The one-month chart reveals that Bitcoin is still trapped within a descending structure established since the highs of early November, with the latest rebound forming yet another lower high. Previously hitting around $93,500, Bitcoin has since retreated, maintaining the overarching corrective pattern. With momentum appearing weak, intraday efforts to recover are quickly losing steam, suggesting the presence of thin liquidity above current price levels. A significant drop below $91,000 could lead the cryptocurrency to test its next support level between $90,000 and $90,500. Conversely, bulls must reclaim $93,200 to disrupt the current short-term downtrend.
Meanwhile, large-cap cryptocurrencies exhibited mixed performance as the weekend approached. Ether was trading at approximately $3,150 following minor overnight declines. Solana saw a 4% drop, and XRP fell nearly 5%, while Cardano decreased about 2%. The total market capitalization of cryptocurrencies gained about 1% over the last 24 hours, stabilizing around $3.2 trillion. This uptick follows a slow recovery that began about two weeks ago after a prolonged downward trend lasting seven weeks. Ether stood out as a leading asset over the past week, boasting gains exceeding 5%, and Zcash also demonstrated significant strength earlier in the session.

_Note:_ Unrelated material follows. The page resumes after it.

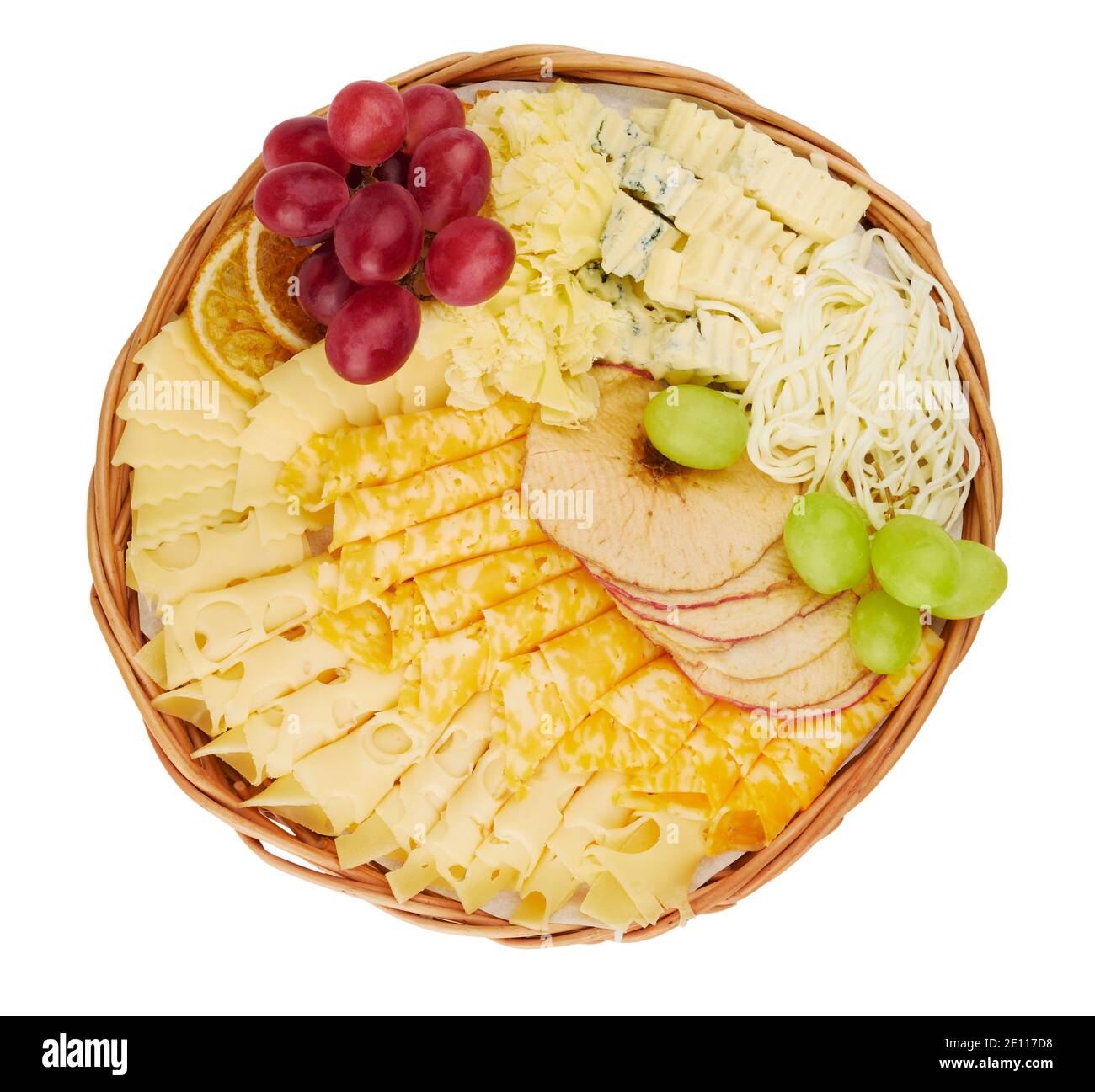 Panier plat en osier avec un délicieux assortiment de fromages, tranches d'orange séchées, pommes séchées, raisins isolés sur fond blanc Banque D'Images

ETF flow data displayed a notable divergence in market activity. Spot Bitcoin products experienced net outflows of nearly $14.9 million, while ether funds attracted an impressive inflow of $140.2 million. This shift indicates fresh capital being channeled away from Bitcoin and into the Ethereum ecosystem. Liquidation data from the day indicated $45 million in long liquidations for Bitcoin and $50.7 million for shorts. In contrast, Ethereum experienced over $103 million in short liquidations, revealing that traders betting against ether were caught off guard as volatility increased.
Further complicating the trading landscape, macroeconomic data introduced additional uncertainty. U.S. ADP payrolls saw a decrease of 32,000 in November, a figure significantly below expectations, suggesting a more rapid cooling of the labor market. Wage growth also showed signs of slowing, prompting futures markets to assign nearly a 90% probability of a rate cut in December. The dollar index fluctuated sharply as traders recalibrated their rate expectations, resulting in heightened volatility across risk markets.

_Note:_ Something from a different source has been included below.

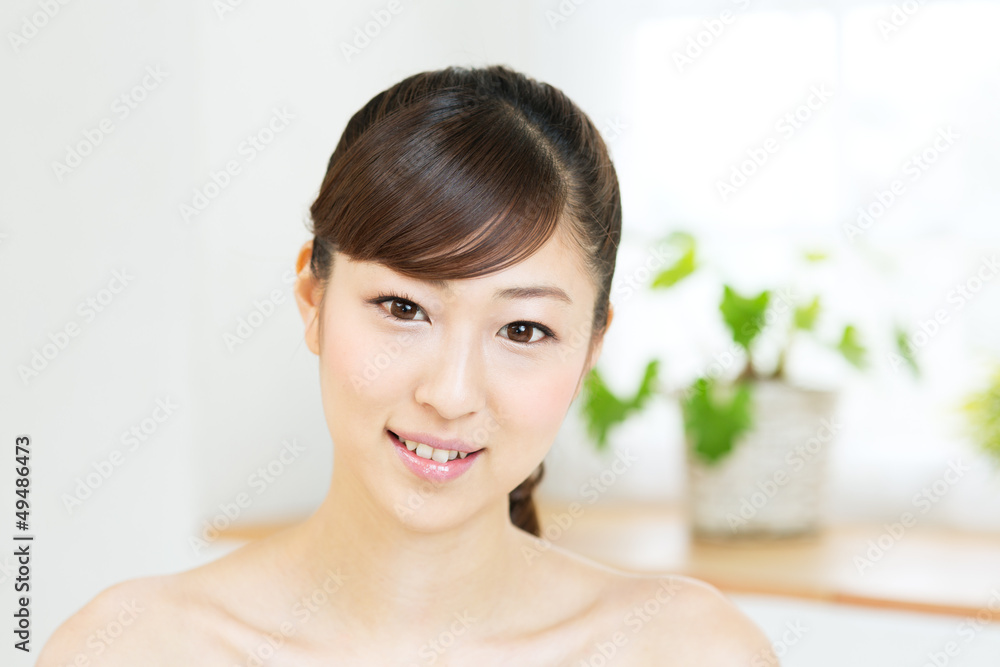 Beautiful asian woman relaxing in the room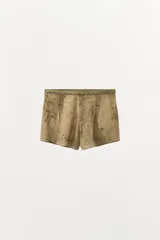Shorts de tiro bajo con cintura elástica y detalle de pliegues en el delantero. Presenta un diseño estampado con motivos florales en tonos tierra.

FxPro analyst Alex Kuptsikevich noted that Bitcoin’s brief approach to $94,000 encountered resistance from sellers that was “not yet too aggressive,” suggesting that the market may not confront stronger resistance until reaching the $98,000–$100,000 range. He emphasized that the reaction at these higher levels would be crucial in determining whether a sustainable recovery is in the works or if the recent gains are merely corrective.
Elsewhere, analysts from Bitunix remarked that the market is navigating a “composite phase of macroeconomic turning-point expectations coupled with internal capital rotation within crypto.” They cited ETF flows and inconsistent liquidation patterns as evidence of divergent risk appetite. Expectations lean towards a continuation of structurally volatile, range-bound trading until Bitcoin either manages to maintain levels above $93,000 or breaks below the $90,500 threshold.

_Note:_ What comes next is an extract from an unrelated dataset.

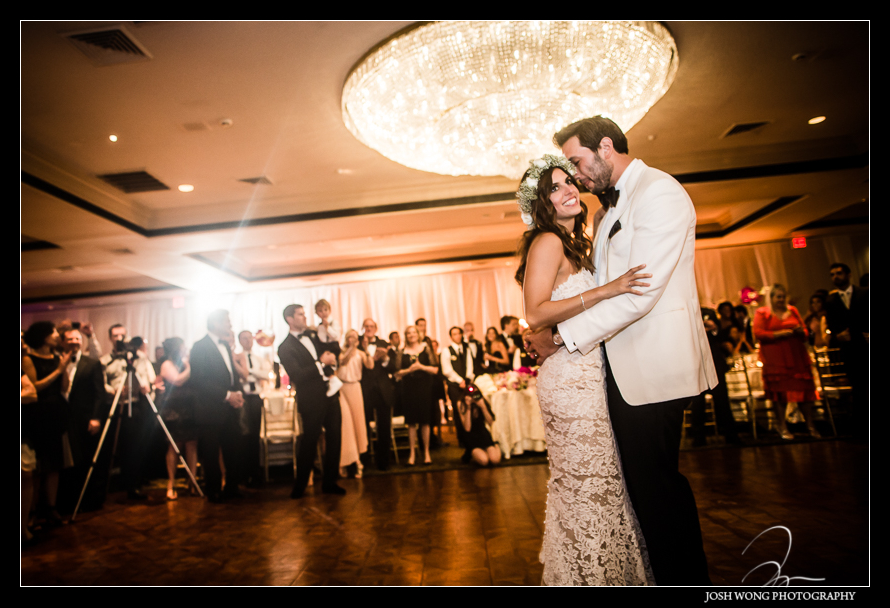 The bride and groom have their first dance.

Supportive developments from institutional players have bolstered broader market sentiment. Vanguard recently opened access to crypto ETF trading for its clients, while Bank of America informed institutional customers of potential allocations of 1%–4% of their portfolios to digital assets. Additionally, the CME has launched a VIX-style implied volatility index for Bitcoin futures, with plans for similar products for Ether, Solana, and XRP in the pipeline.